Asked Sunday night why spending to help the unemployed had been left out of the deal, a White House official said, “because it had to be part of a bigger deal to be part of this.”

With the latest unemployment rate at 9.2 percent, there are approximately 25 million unemployed Americans. It is unclear how many of those individuals will not be eligible for an extension in unemployment support.

“The only thing you can say is that the drift of policy was already in the wrong direction,” Krugman continued. “But the fact is we are doing a terrible thing. We are repeating all the mistakes of the 1930s. We seem to be doing our best shot at recreating the Great Depression.”

Krugman further paints a pessimistic picture, “We have 9 percent unemployment. These spending cuts are going to worsen unemployment. It’s even going to hold the long-run fiscal picture because we have a situation where more and more people are becoming permanent long-term unemployed. … I have nobody I know who thinks the unemployment rate will be below 8 percent at the end of next year. With the spending cuts it might be above 9 percent at the end of next year. There is no light at the end of this tunnel.”

Mohamed El-Erian, CEO of officer of the international bond fund giant Pacific Investment Management Co (PIMCO), said spending cuts will only exacerbate the unemployment situation.

“So unemployment will be higher than it would have been otherwise, growth will be lower than it would be otherwise, and inequality will be worse than it would be otherwise,” El-Erian said.

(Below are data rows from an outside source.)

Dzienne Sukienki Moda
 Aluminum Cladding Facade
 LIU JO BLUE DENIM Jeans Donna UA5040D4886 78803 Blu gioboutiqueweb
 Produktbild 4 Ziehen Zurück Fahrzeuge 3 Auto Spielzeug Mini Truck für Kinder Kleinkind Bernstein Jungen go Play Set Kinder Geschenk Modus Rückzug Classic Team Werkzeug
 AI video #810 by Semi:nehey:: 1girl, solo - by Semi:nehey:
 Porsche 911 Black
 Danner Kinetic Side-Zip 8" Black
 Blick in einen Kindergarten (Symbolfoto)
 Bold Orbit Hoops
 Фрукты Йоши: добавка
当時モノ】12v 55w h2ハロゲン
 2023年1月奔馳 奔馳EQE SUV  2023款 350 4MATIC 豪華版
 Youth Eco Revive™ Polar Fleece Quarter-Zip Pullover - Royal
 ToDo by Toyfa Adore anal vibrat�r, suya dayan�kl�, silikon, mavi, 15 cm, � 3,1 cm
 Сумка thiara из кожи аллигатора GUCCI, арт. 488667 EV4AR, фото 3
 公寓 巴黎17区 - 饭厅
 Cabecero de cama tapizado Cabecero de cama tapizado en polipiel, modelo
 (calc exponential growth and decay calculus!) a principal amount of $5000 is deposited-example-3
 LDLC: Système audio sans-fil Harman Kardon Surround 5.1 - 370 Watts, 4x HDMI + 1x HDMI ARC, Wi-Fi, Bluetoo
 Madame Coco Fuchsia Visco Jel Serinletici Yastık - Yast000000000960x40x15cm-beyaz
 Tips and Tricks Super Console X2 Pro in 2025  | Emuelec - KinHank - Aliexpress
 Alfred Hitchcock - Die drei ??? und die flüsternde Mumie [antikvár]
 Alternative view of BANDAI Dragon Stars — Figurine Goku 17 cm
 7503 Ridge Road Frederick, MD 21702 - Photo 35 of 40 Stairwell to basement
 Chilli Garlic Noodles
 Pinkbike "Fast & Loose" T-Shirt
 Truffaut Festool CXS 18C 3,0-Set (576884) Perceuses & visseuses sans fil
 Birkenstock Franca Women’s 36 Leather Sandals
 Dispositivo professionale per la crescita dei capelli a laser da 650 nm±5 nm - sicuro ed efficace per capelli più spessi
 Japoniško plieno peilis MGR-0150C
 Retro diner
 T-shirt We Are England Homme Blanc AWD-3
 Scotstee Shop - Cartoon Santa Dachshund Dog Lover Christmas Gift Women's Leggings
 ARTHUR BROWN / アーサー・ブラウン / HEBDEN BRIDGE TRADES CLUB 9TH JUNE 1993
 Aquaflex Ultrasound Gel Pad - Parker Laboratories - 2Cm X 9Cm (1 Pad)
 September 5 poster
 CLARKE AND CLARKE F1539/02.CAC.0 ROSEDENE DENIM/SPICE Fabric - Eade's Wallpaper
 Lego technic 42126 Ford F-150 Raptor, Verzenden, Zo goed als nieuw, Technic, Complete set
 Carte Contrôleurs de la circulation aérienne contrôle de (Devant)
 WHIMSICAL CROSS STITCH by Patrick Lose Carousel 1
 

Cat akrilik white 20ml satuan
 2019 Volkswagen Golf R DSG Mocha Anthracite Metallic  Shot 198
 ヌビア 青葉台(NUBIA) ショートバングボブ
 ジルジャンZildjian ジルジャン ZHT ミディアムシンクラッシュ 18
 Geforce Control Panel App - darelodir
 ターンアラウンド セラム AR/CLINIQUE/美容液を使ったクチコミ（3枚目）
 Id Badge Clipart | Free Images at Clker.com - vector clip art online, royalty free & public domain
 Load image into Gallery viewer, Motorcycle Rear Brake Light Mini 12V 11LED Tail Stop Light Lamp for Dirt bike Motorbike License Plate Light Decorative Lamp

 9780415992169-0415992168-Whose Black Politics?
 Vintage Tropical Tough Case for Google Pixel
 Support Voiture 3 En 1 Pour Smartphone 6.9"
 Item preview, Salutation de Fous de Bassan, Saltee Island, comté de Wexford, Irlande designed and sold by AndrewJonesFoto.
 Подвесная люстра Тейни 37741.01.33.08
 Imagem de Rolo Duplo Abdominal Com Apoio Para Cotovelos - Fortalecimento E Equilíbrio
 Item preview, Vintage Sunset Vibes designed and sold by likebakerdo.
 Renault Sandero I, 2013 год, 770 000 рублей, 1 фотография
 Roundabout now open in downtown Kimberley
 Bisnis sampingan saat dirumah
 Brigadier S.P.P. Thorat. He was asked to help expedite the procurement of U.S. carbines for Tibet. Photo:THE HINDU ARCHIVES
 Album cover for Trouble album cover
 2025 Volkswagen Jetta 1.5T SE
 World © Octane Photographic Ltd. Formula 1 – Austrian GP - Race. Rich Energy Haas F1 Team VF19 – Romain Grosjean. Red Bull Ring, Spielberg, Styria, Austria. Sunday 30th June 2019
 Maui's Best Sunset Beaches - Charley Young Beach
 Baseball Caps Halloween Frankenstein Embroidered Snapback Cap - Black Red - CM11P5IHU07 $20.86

El-Erian questioned the impact of discretionary spending cuts that will likely make up the short-term budget savings in any final agreement.

“We have a very weak economy, so withdrawing more spending at this stage will make it even weaker,” El-Erian said.

The jobs of federal employees may be at risk also. While the deficit reduction plan does not yet mention federal workers, caps on federal discretionary spending could affect budgets that pay our public employees.

It is now imperative that there be an all out refocus on developing programs that will rapidly put millions of Americans to work.

Political strategist Robert Creamer states, “For about $220 billion you could put over two million Americans to work for two years — and massively lower the unemployment rate.”

In response to a GOP and extremist Tea Party controlled House likely to block such spending, Creamer suggests, “We need to propose a concrete, practical jobs program that is completely understandable and directly addresses the number one issue on the minds of ordinary Americans — and then we need to make our case to the American people.”

Which means that there are no short cuts and that this task is far from being easy. But, the road to success lies in what many of us know already and it will mean more of it – organize, organize and organize. And, never forget that, “It’s the economy, stupid.”